This was only achieved after a scathing judgment from Judge Vincent Saldanha ruled these conditions unconstitutional.

Even the present conditions mean that each dormitory cell still holds one-and-a-half times the number of accused men of its maximum capacity. The consequent squalor is 
that those men not members of a gang must either sleep on the floor, or two per bed. Tuberculosis, not to mention sexual violence and HIV, all spread in such conditions.

Parliament has by popular demand passed laws which quadrupled the number of criminals serving 20 years to life imprisonment. But it has not started a concomitant programme of building the extra jails that are the consequences. 

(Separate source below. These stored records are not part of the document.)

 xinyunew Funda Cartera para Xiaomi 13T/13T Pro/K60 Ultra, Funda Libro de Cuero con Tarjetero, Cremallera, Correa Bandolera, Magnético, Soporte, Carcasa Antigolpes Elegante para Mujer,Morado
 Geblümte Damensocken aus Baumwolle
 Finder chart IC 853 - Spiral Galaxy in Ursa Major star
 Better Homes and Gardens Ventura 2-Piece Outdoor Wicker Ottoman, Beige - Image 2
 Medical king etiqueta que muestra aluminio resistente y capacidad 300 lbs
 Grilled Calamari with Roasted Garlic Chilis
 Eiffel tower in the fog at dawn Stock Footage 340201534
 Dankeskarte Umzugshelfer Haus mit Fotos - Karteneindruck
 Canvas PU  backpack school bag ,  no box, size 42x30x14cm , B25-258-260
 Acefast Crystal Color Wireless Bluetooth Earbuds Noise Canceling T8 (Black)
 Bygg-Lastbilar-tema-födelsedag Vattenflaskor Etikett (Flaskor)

It would be sensible to build a new prison in the Atlantis industrial area, so the prison warders and service providers could also create some employment in this hot spot for unemployment.

Another still persisting problem at Pollsmoor Prison is its weird routine of serving lunch around 11am and supper around 2pm. This means the inmates are left to starve for 14 hours before breakfast. 

They learn the hard way 
to hoard two slices of dry bread from their “lunch” for eating around sunset. One consequence of crumbs is to increase the occurrence of cockroaches and fungi.

Surely the parliamentary portfolio committee on correctional services should press for normal mealtimes? Or do we have to wait for some NGO to litigate over the Dickensian conditions?

Far too few reforms have taken place in the 32 years since I was detained without trial in Pollsmoor Prison.